Je partis d’Hodeidah le 28 octobre pour me rendre à Massouah, port de la côte Abyssinienne. Je touchai d’abord à l’île pittoresque d’Houakel, où je trouvai une belle végétation, de l’eau douce et un port sûr. Les habitants sont tous pêcheurs de perles ou pasteurs.

Le 29, j’arrivai à Massouah, bâtie sur une île basse formée de coraux. C’est une mauvaise bourgade de 2 000 habitants, recrutés parmi tout ce que l’Arabie, l’Égypte, la Turquie et l’Abyssinie ont de plus dégradé et de plus corrompu.

Devant Massouah se trouve l’archipel de Dalhac ; sur la côte est le village d’Arkiko, et à 10 milles au sud les ruines de l’ancienne colonie d’Adulis[1].

Je séjournai près d’un mois à Massouah où mon frère avait déjà un agent, et j’étudiai comme dans les divers points précédemment visités, les ressources commerciales de la place. Massouah est surtout très-bien située comme port de transit des produits de l’Abyssinie. J’entrepris de faire une excursion dans l’intérieur, mais au bout de cinq jours je fus forcé de revenir sur mes pas. Les routes étaient infestées de brigands et de voleurs. Les naturels Danakiles, ennemis jurés des Turcs, leur avaient déclaré la guerre, et le moment était mal choisi pour un voyage d’exploration.

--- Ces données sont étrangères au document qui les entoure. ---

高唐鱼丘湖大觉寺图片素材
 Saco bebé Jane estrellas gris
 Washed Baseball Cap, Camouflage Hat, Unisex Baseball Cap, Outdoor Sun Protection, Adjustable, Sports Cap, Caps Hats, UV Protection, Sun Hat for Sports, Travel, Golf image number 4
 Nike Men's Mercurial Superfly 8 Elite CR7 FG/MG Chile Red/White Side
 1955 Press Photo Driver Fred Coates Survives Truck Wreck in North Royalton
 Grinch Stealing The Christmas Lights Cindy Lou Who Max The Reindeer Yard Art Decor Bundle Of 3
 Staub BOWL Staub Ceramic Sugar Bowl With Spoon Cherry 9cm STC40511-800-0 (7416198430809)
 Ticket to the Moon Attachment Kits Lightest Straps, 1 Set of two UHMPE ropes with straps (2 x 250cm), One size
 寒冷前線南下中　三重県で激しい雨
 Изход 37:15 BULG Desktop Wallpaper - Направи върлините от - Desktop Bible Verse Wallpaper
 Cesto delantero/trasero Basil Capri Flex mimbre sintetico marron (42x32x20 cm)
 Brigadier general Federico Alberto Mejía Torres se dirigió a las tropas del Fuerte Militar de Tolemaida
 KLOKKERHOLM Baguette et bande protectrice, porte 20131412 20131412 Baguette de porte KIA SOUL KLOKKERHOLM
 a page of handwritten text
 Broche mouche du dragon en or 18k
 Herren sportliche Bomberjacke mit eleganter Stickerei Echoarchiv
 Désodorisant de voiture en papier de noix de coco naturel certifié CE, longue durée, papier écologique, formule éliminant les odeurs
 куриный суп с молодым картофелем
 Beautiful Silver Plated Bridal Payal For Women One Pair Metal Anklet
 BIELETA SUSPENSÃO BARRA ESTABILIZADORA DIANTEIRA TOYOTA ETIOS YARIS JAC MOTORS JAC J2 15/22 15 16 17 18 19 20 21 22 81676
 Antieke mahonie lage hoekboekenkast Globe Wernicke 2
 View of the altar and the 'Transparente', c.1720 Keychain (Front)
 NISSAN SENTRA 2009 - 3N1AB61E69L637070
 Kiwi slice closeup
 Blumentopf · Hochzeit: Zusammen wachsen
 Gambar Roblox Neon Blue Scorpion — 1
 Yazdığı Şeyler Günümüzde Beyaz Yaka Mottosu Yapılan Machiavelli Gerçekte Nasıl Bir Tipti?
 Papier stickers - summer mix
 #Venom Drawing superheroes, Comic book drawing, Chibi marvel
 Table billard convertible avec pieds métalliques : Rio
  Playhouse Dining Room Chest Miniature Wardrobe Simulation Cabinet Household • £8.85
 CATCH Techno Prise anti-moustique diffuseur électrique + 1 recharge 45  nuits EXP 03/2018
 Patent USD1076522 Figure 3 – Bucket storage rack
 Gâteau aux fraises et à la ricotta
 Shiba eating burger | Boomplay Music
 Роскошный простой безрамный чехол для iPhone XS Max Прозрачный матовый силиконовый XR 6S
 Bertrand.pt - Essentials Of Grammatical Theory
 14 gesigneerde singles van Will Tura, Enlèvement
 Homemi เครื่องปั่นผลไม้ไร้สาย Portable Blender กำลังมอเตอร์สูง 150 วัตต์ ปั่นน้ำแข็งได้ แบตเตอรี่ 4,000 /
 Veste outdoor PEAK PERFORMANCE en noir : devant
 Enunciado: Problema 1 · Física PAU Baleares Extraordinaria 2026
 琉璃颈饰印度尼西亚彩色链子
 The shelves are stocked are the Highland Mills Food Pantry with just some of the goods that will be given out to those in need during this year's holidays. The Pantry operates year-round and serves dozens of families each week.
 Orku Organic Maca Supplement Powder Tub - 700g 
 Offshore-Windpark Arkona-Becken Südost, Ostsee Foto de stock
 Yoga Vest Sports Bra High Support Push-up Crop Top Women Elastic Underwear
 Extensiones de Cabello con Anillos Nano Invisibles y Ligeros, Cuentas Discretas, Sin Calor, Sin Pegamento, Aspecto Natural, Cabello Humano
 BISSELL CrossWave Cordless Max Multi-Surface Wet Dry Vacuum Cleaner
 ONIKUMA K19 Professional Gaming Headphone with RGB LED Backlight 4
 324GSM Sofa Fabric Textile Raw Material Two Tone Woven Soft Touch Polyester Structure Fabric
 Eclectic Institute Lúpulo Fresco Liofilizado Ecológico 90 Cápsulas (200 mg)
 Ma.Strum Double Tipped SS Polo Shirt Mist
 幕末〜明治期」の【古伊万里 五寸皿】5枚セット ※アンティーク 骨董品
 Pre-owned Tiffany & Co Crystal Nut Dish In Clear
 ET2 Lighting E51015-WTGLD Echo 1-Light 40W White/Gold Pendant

Vue des rochers d’Aden. — Dessin de A. de Bar d’après un dessin pris sur les lieux.

Le 26 décembre je quittai Massouah faisant voile vers Aden. Trois jours après mon départ le temps devint affreux, la tempête se déchaîna ; je fus obligé la nuit de menacer les matelots de leur brûler la cervelle s’ils n’exécutaient pas les ordres du patron.

Le 1er  janvier je mouillai devant Hodeidah où je fus retenu quelques jours par des vents contraires. Je trouvai la ville en grand émoi. Les marchands embarquaient précipitamment leur argent et leurs denrées ; Mahamoud mettait son sérail en lieu sûr, et faisait réparer tant bien que mal les fortifications. Quelle était la cause de toute cette peur ? Le grand shériff de la Mecque qui, irrité contre les Turcs, venait mettre le siége devant la ville après avoir saccagé Djedda et ravagé tout le pays jusqu’à Hodeidah.

Le pacha, malgré ses préoccupations, me reçut avec sa politesse accoutumée, m’invita à dîner, et me fit visiter ses écuries. Deux de ses chevaux, estimés chacun

  1. L’Angleterre, en octobre 1861, a acheté les îles Dahlac pour empêcher la France de s’établir à Adulis, que nous avions acquise de l’Abyssinie dans le but d’y fonder un port de relâche et de ravitaillement.